> _Task brief_: When you reach the line with "tadbirkorlik huquqi tushunchasi, uning" in the listing below, transcribe it and each line after it up to and including the line with "Asymmetrical Leopard Print Top : OS", exactly and with nothing else.

> _Information_:
■ ■ ■

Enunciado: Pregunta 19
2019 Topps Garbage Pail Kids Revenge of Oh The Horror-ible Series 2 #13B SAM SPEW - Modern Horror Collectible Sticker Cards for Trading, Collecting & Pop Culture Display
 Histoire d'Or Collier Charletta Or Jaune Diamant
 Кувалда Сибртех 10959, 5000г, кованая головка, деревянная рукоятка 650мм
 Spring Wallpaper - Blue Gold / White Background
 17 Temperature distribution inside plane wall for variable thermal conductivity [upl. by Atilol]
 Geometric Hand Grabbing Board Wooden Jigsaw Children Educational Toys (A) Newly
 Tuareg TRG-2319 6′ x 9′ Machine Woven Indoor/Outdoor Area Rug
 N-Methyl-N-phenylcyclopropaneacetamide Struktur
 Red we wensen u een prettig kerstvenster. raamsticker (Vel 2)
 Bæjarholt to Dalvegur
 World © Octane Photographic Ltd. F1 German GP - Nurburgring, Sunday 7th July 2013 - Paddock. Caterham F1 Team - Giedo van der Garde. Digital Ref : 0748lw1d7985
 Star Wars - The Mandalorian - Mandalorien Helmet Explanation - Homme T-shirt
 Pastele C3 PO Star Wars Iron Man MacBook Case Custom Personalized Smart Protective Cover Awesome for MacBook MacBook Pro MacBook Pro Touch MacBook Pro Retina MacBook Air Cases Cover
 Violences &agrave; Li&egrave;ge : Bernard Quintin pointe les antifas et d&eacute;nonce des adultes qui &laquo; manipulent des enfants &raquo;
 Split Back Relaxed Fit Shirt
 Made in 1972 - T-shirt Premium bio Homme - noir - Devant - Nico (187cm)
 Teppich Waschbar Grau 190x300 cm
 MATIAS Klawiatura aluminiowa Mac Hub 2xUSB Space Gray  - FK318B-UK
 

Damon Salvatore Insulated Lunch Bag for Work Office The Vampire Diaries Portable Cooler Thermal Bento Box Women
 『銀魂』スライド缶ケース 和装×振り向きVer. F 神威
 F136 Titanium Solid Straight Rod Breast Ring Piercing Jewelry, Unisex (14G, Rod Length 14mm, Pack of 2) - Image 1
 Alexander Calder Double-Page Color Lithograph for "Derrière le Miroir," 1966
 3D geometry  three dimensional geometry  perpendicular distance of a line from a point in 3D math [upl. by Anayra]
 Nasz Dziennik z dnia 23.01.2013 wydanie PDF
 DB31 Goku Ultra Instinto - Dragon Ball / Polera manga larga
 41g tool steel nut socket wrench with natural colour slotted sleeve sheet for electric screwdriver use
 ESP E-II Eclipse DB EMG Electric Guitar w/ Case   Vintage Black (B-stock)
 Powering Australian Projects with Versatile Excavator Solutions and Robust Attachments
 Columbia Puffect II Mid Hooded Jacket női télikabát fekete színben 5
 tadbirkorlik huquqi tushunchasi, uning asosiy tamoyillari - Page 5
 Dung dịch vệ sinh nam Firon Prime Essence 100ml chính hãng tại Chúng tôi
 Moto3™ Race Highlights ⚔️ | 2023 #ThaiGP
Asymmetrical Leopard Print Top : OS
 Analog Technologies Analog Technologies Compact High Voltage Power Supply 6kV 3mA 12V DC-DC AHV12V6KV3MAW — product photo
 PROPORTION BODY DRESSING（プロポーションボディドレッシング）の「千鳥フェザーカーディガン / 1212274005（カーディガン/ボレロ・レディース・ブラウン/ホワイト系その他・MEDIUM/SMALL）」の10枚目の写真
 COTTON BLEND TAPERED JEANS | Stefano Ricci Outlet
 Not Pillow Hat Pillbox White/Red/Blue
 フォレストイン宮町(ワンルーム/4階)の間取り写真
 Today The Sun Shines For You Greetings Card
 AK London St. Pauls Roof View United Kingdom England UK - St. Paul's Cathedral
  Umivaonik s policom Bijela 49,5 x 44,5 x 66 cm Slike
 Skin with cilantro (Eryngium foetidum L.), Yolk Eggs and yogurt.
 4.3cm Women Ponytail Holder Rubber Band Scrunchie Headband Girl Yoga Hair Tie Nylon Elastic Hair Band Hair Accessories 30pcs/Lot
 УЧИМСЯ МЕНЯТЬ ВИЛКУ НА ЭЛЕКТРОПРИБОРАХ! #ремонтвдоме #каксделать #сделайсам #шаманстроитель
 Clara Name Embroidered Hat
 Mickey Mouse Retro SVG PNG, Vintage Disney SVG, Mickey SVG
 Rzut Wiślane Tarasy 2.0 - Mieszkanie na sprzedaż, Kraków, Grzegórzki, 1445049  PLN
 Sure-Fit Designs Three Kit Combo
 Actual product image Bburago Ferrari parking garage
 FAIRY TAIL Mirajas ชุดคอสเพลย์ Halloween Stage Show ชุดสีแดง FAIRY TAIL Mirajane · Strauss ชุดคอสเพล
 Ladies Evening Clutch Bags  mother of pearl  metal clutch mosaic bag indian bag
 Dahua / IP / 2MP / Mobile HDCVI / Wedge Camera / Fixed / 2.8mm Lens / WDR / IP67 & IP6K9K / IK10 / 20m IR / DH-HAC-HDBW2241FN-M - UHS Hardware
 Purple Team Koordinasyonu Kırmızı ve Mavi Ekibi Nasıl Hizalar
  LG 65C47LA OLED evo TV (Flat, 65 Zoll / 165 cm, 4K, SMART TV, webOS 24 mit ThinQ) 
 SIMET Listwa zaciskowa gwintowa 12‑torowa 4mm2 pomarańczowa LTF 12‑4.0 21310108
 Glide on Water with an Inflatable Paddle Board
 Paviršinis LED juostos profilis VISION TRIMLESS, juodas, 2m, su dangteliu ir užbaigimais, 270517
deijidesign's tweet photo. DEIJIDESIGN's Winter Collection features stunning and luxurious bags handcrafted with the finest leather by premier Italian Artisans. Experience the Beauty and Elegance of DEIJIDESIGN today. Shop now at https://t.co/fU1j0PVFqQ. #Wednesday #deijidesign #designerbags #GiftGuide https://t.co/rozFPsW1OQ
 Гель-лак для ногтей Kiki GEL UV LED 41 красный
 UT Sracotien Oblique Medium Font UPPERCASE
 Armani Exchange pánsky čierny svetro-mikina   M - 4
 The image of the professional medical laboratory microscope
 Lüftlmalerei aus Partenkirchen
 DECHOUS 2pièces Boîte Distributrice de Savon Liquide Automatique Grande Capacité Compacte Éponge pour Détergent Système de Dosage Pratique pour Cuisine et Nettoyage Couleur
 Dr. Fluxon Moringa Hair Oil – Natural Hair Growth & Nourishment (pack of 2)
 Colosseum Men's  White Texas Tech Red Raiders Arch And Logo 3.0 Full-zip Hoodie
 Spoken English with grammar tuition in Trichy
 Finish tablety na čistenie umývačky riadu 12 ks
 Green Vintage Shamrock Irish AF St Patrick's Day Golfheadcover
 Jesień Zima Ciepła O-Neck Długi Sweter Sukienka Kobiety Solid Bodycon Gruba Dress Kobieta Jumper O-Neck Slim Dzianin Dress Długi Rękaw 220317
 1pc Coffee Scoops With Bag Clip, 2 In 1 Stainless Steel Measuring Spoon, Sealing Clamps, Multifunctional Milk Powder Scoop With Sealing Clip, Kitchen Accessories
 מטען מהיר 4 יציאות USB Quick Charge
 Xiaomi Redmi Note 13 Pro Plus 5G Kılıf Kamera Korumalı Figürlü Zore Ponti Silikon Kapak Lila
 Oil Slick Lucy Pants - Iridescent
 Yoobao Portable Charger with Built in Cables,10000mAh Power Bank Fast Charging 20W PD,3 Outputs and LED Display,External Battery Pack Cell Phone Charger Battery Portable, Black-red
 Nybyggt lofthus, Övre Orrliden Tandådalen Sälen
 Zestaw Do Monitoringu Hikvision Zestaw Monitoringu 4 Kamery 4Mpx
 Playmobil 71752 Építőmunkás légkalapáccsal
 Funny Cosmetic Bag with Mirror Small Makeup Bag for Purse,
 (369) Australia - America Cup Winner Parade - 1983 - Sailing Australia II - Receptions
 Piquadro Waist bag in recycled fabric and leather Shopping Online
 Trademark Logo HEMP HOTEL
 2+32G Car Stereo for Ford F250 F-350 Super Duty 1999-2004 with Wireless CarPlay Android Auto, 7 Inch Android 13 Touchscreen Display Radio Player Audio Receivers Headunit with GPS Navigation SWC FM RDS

■ ■ ■

> _Response box_:
 tadbirkorlik huquqi tushunchasi, uning asosiy tamoyillari - Page 5
 Dung dịch vệ sinh nam Firon Prime Essence 100ml chính hãng tại Chúng tôi
 Moto3™ Race Highlights ⚔️ | 2023 #ThaiGP
Asymmetrical Leopard Print Top : OS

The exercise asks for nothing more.